Unity Catalog

The Unity Catalog origin reads data from a Databricks Unity Catalog managed table. Use the origin only in Databricks cluster pipelines.

The origin can perform a full or incremental read. The origin performs a full read of all available data, by default.

When you configure the origin, you specify the catalog, schema, and table to read from. If you configure the origin to perform an incremental read, you specify the offset column and initial offset to use.

Full or Incremental Read

The Unity Catalog origin can perform a full read or an incremental read each time you run the pipeline. By default, the origin performs a full read of the specified table.

When the origin performs a full read, the origin processes all data available in the table each time that the pipeline runs.

When the origin performs an incremental read, the first pipeline run is the same as a full read. When the pipeline stops, the origin stores the offset where it stopped processing. For subsequent pipeline runs, the origin reads the table starting from the last-saved offset, unless you reset the pipeline offsets.

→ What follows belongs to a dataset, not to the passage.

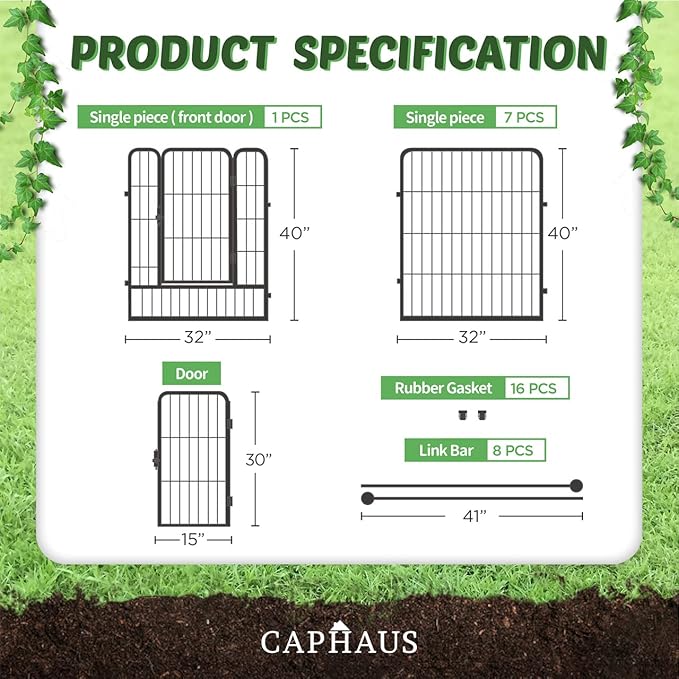 CAPHAUS Decorative Garden Fence, 40 Inch x 21 FT Heavy Duty Iron Fencing Landscape Patio Flower Bed Animal Barrier Border Edging Section, Panel Decor, Folding Wire Fence for Yard for Dog Outdoor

When you configure the origin to perform an incremental read, you specify the offset column and initial offset to use. As a best practice, an offset column should be an incremental and unique column that does not contain null values. Having an index on this column is strongly encouraged since the underlying query uses an ORDER BY clause and inequality operators on this column.

Configuring a Unity Catalog Origin

Configure a Unity Catalog origin to read from a Databricks Unity Catalog managed table. Use the origin only in Databricks cluster pipelines.

On the Properties panel, on the General tab, configure the following properties:


General Property	Description
Name	Stage name.
Description	Optional description.
Load Data Only Once	Reads data while processing the first batch of a pipeline run and caches the results for reuse throughout the pipeline run. Select this property for lookup origins. When configuring lookup origins, do not limit the batch size. All lookup data should be read in a single batch. Do not select this property when you configure the origin to read from more than one table.
Cache Data	Caches data processed for a batch so the data can be reused for multiple downstream stages. Use to improve performance when the stage passes data to multiple stages. Caching can limit pushdown optimization when the pipeline runs in ludicrous mode. Available when Load Data Only Once is not enabled. When the origin loads data once, the origin caches data for the entire pipeline run.

On the Unity Catalog tab, configure the following properties:


Unity Catalog Property	Description
Catalog Name	Catalog for the table to read.
Schema Name	Schema for the table to read.
Table Name	Table to read.
Incremental Mode	Enables the origin to read data from a specified initial offset for the first pipeline run, and then from the last-saved offset during subsequent pipeline runs.
Initial Offset	Initial offset value to use when you start the pipeline. Available only for incremental reads.
Offset Column	Column to track the progress of the read. Available only for incremental reads.